Velocity waveform vs. time used for the simplified boundary conditions.

Treatment of Vessel Branches

Very small side branches, e.g. the ophthalmic artery, are removed from the 3D reconstruction. Models are also truncated proximal to the circle of Willis where possible. However, three models do include the posterior communicating artery (PCom) as the aneurysms are at or near the base of the circle of Willis. The pressure in the PCom in these cases is adjusted relative to the internal carotid artery pressure such that some specified fraction of the total flow rate enters the PCom¹⁴. The fraction of the flow split is determined by assuming Murray's law (the ratio of the flow rates is equal to the cube of the ratio of the vessel diameters).

Accuracy Testing

To assess the CFD models incorporating dual-sensor guidewire boundary conditions, we identify two anatomical positions where velocity is measured by the dual-sensor guidewire but is not incorporated into CFD calculations. These locations are positions 2 (5 mm proximal to the aneurysm neck) and 3 (5 mm distal to the aneurysm neck). At these locations, axial components of the peak systolic and mean velocities simulated by CFD are compared with guidewire velocity measurements. The specific positions of the guidewire measurement locations are determined by visually inspecting the fluoroscopy images so that velocities could be extracted at the corresponding locations in the CFD. The “centerlines” function in VMTK is used to estimate the streamwise normal direction of the CFD velocity at a specific measurement point. The wire-measured velocity is assumed to be the streamwise normal component of the flow velocity.
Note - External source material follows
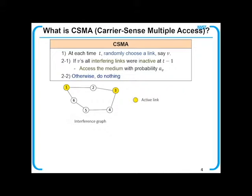The basic principle of CSM is listen before talk. At each time slot, we randomly choose a link, say V. If all interfering links were silent, link V accesses the medium. Otherwise, do nothing.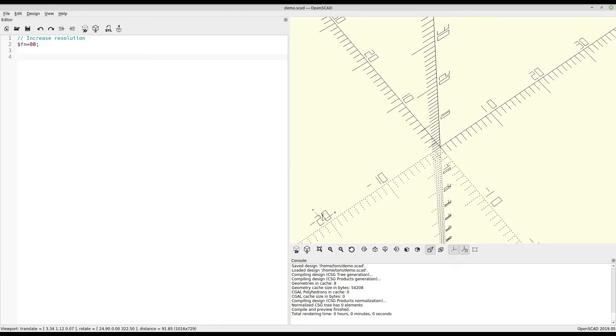Let's start with the absolute simplest shape you can make in OpenSCAD, a cube. Dimensions are given as X, Y, and Z, so let's say 15 by 15 by 5 high.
Pressure drops, both peak and time-averaged, from position number 1 to position number 3 (petrous carotid to 5 mm distal to aneurysm neck) are computed from both the CFD and from the guidewire pressure measurements. The wire-derived pressure drop is not a true differential measurement; rather, we take the difference between the peak systolic (or mean) pressure between the petrous carotid and 5 mm distal measurements to compute the peak systolic (or mean) pressure drops. The pressure measurement at the petrous carotid location is not prescribed into the CFD, and can therefore be used for comparison purposes.

Bland-Altman plots are constructed to compare CFD-simulated vs. wire-measured velocities and pressure drops. Both sets of CFD simulations, patient-specific and simplified boundary conditions, are compared to the wire measurements. Bias is always calculated as f_CFD – f_Wire, where f is a generic hemodynamic variable. Biases in the Bland-Altman analysis are assessed statistically using the Wilcoxon signed-rank test. The coefficient of variation (CoV) is also computed for the differences which gives an estimate of the random errors. The CoV is computed by the formula

$$\mathrm{CoV}=\frac{s}{\frac{1}{2}\mathrm{Mean}(f_{CFD}+f_{Wire})}\cdot 100\%$$ (1)

where s is the sample standard deviation of (f_CFD – f_Wire).

Results

Blood flow velocity and in situ pressures are measured in each patient. There were no intra- or peri-procedural complications associated with the use of the dual-sensor guidewire. No vascular injury, thromboembolic event, or new neurological deficit was observed in any patient. Out of 20 desired velocity comparison measurements (10 patients and 2 locations each), 3 measurements from two separate patients are excluded from the analysis. In each of these excluded cases the wire-measured velocities are obscured by noise artifacts during acquisition. However, velocity measurements in the petrous carotid artery are sufficient in these cases such that the CFD analysis could be performed. Pressure drop measurements are excluded in three out of ten separate patients also due to measurement artifacts.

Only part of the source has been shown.